## Task statement
Output the data word for word, dropping every image.

■ ■ ■ ■

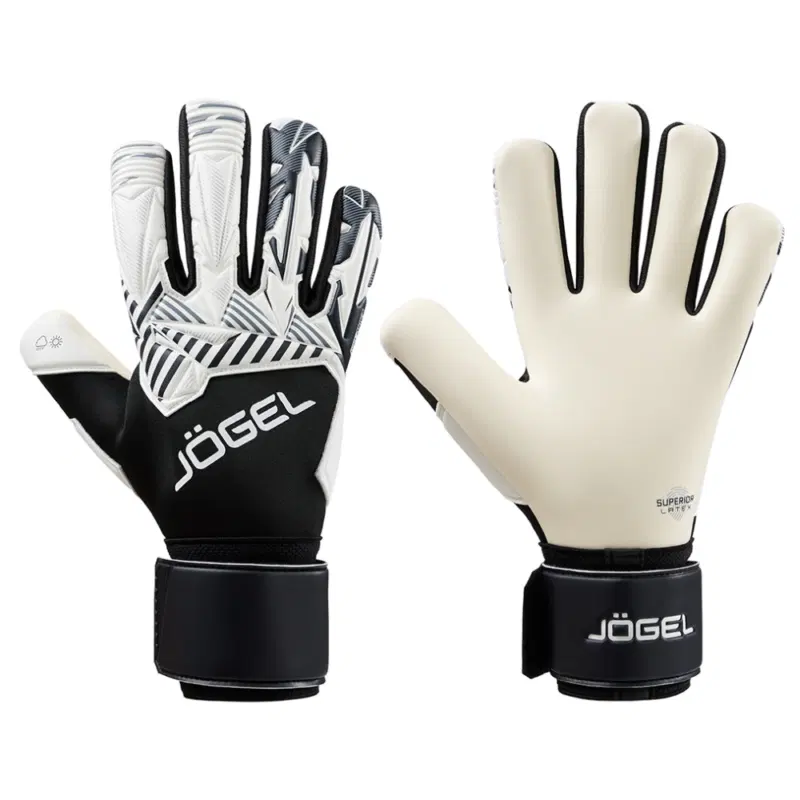 Jögel MAGNUM SL4 NEGATIVE Перчатки вратарские Черный
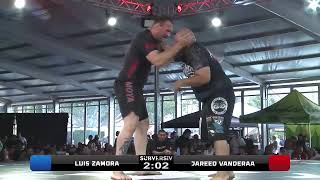 Luis Zamora vs Jareed Vanderaa: Subversiv Combat Jiu Jitsu - San Diego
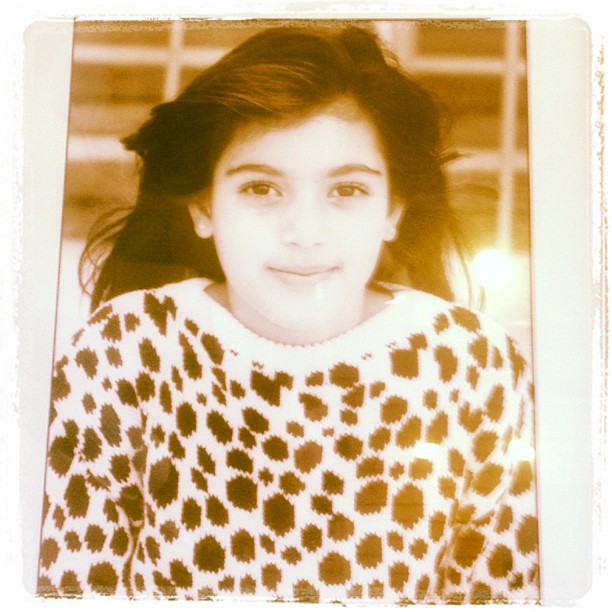 Look at the photo on the wall in my grandmas store Shannon & Co! I was 7yrs old...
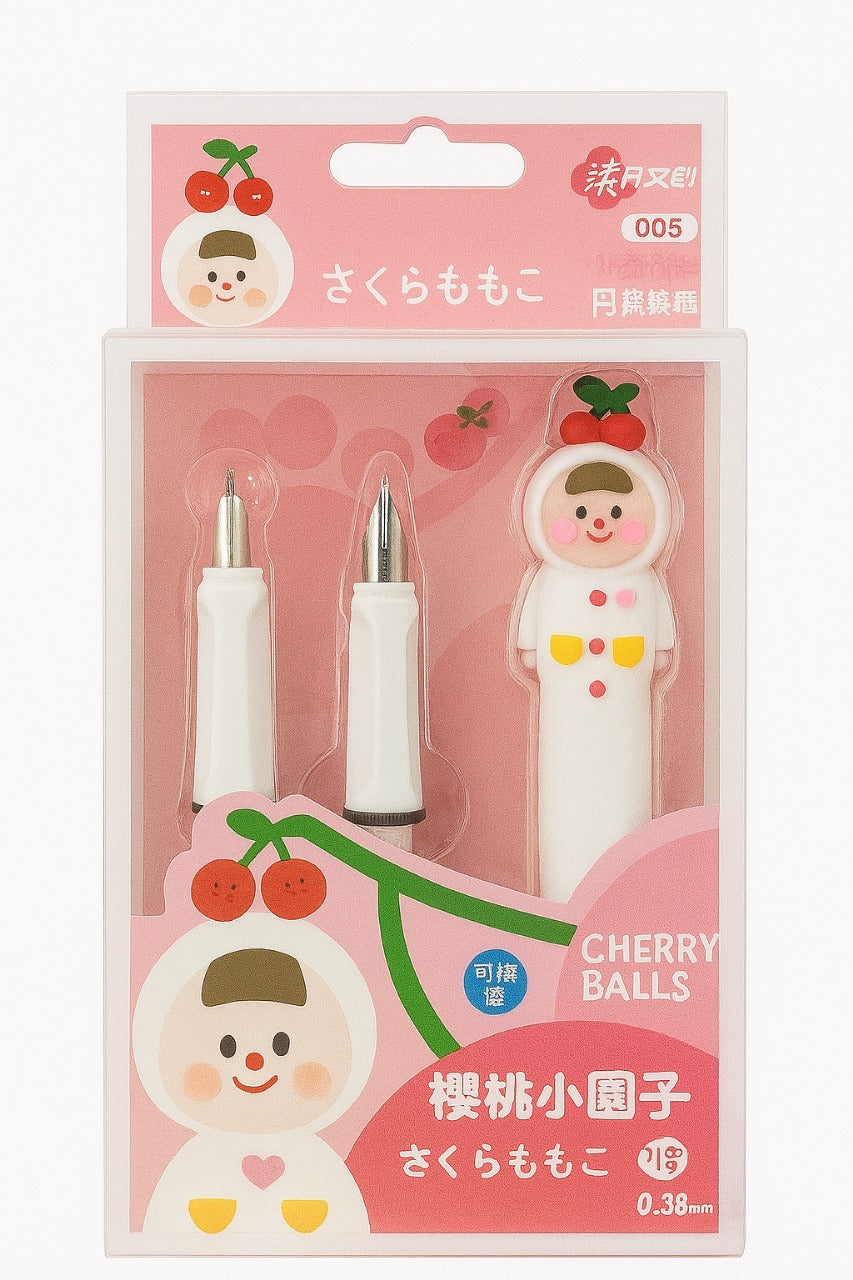 Ink Pen - Cherry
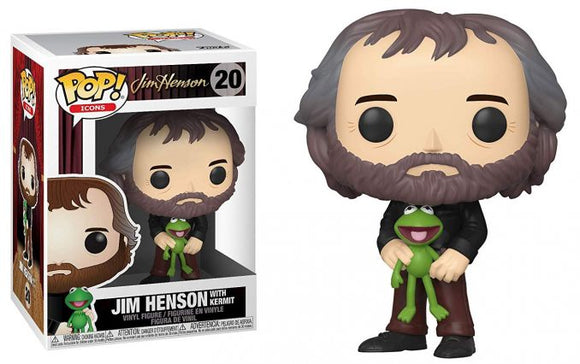 Jim Henson With Kermit #20 - POP!
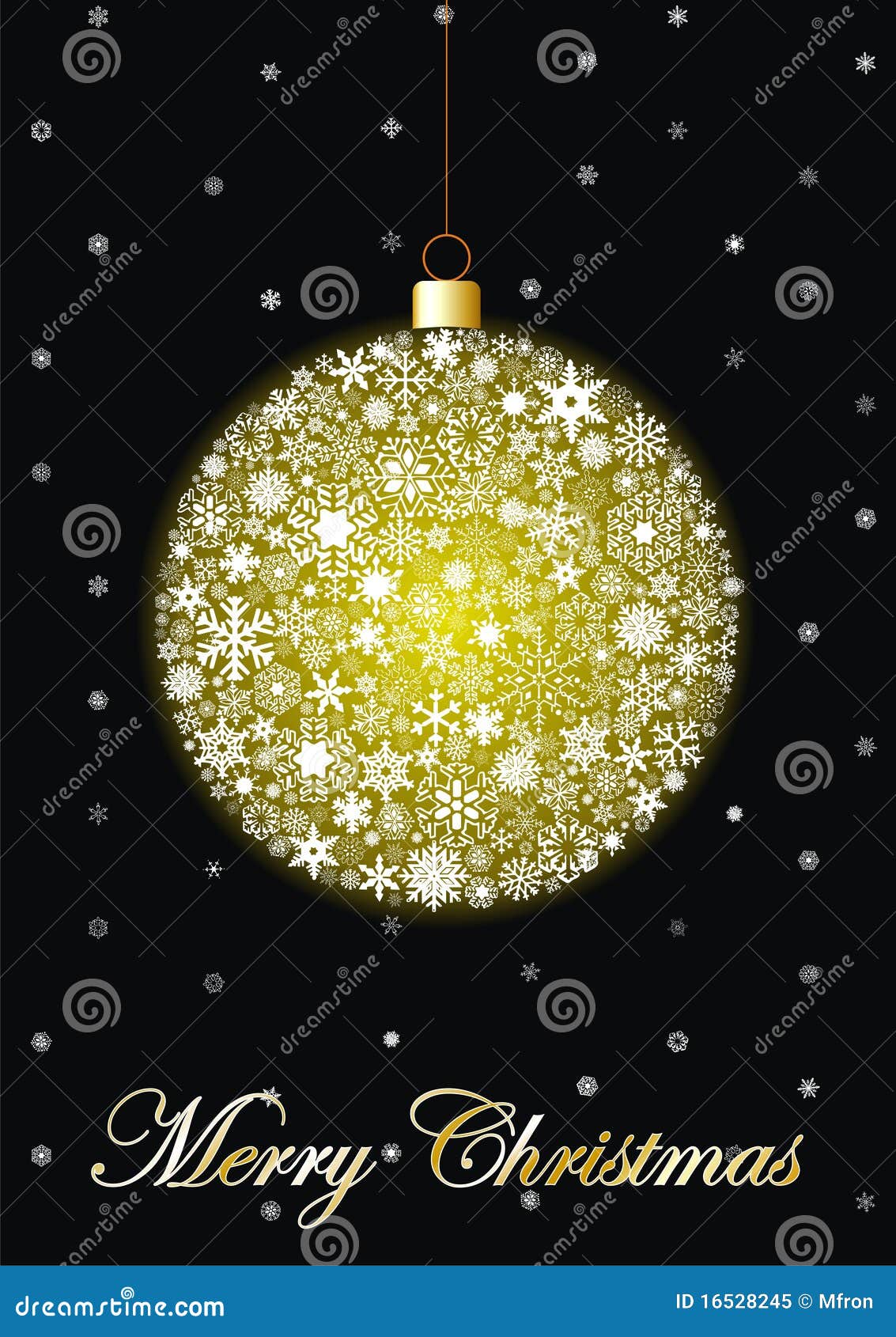 Christmas Card Royalty Free Stock Photo - Image: 16528245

■ ■ ■ ■

## Expected answer
 Jögel MAGNUM SL4 NEGATIVE Перчатки вратарские Черный
 Luis Zamora vs Jareed Vanderaa: Subversiv Combat Jiu Jitsu - San Diego
 Look at the photo on the wall in my grandmas store Shannon & Co! I was 7yrs old...
 Ink Pen - Cherry
 Jim Henson With Kermit #20 - POP!
 Christmas Card Royalty Free Stock Photo - Image: 16528245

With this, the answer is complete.